Give the data again in full, without pictures.

*Supplied material*.
+ + + + + + +
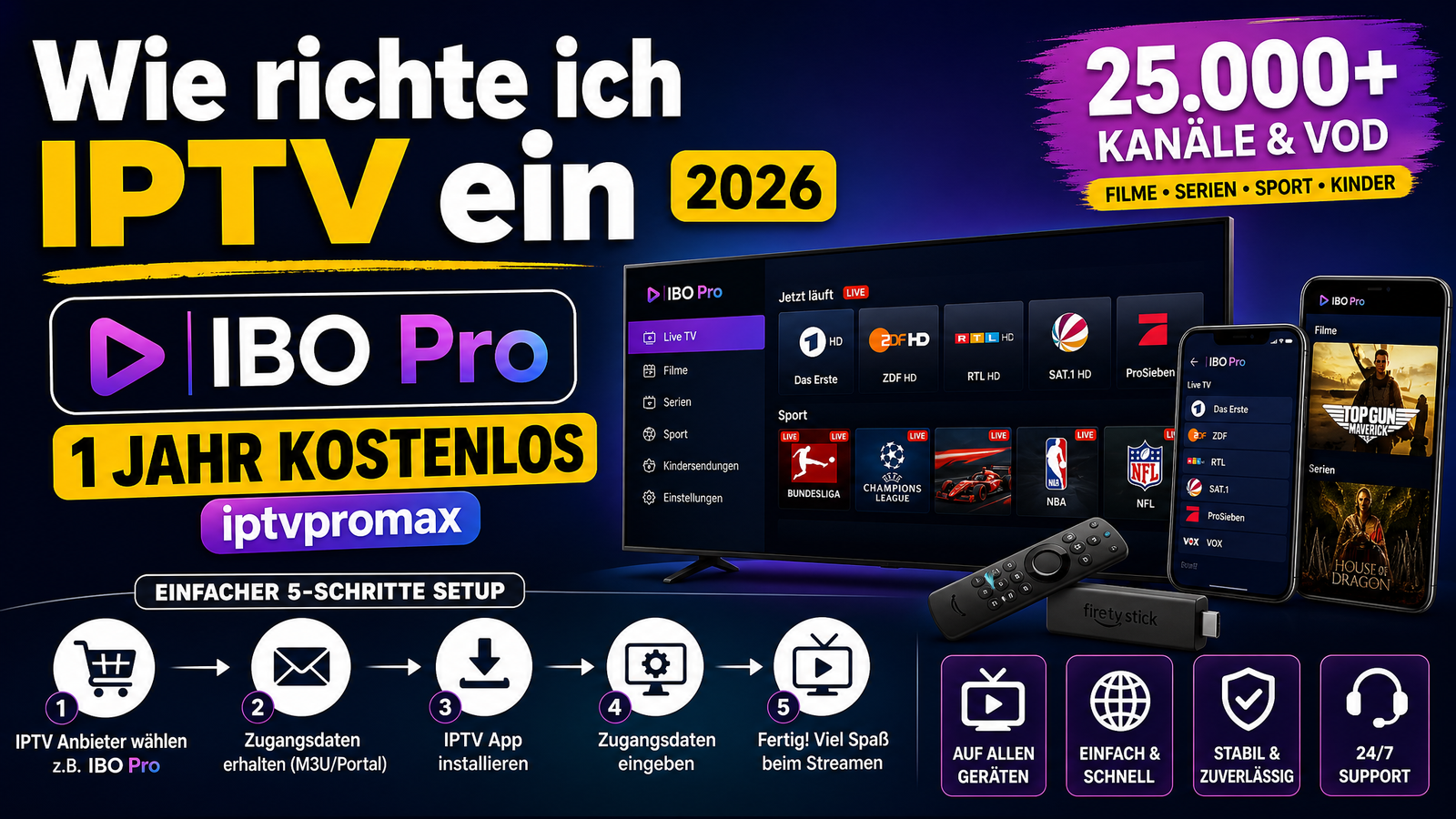 Wie richte ich IPTV ein Setup Anleitung IBO Pro iptvpromax kostenlos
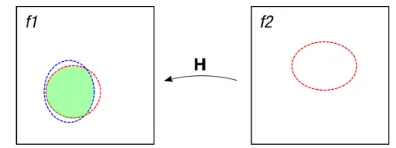 Table 1: Descriptors characteristics. (Adapted from [7])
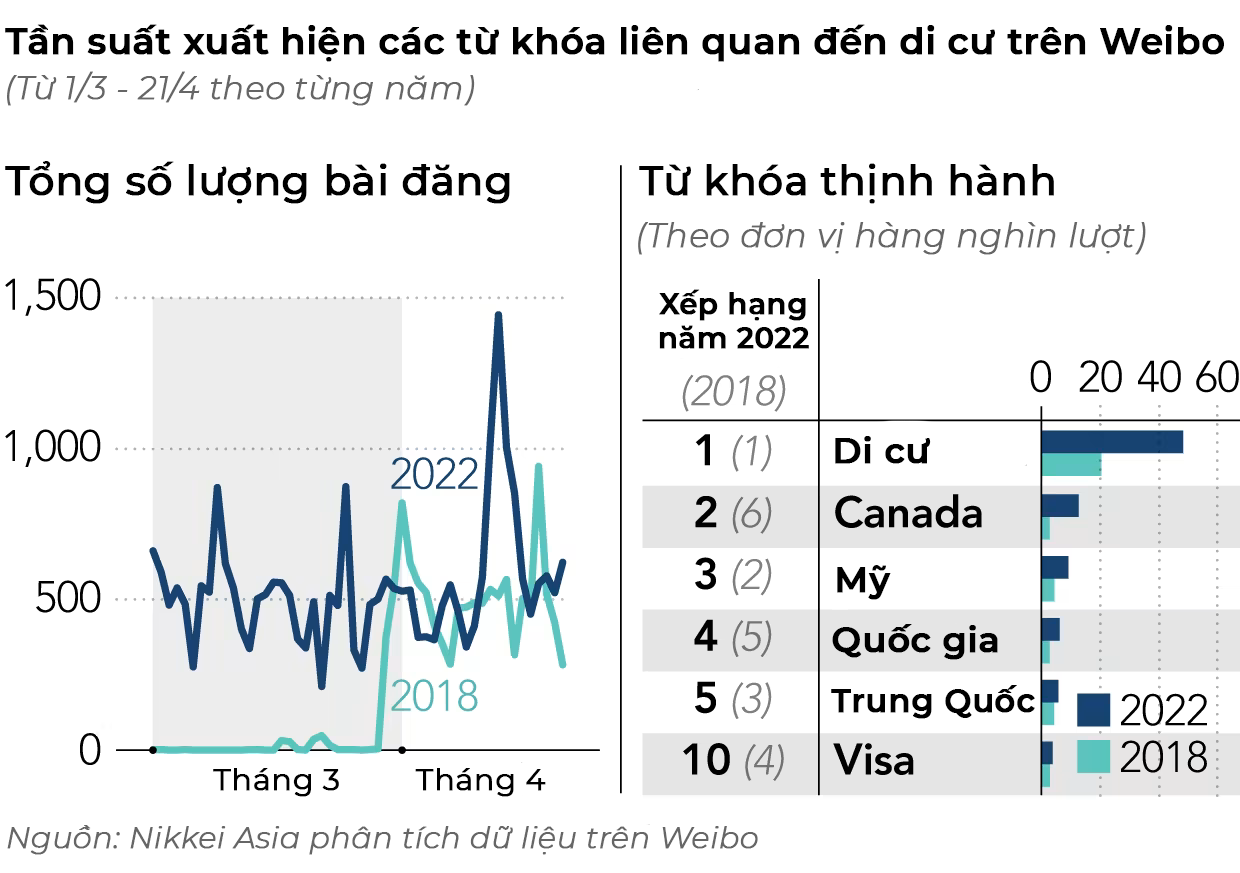 Thuong Hai,  Covid-19,  di cu anh 3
+ + + + + + +
*Exercise response*.
 Wie richte ich IPTV ein Setup Anleitung IBO Pro iptvpromax kostenlos
 Table 1: Descriptors characteristics. (Adapted from [7])
 Thuong Hai,  Covid-19,  di cu anh 3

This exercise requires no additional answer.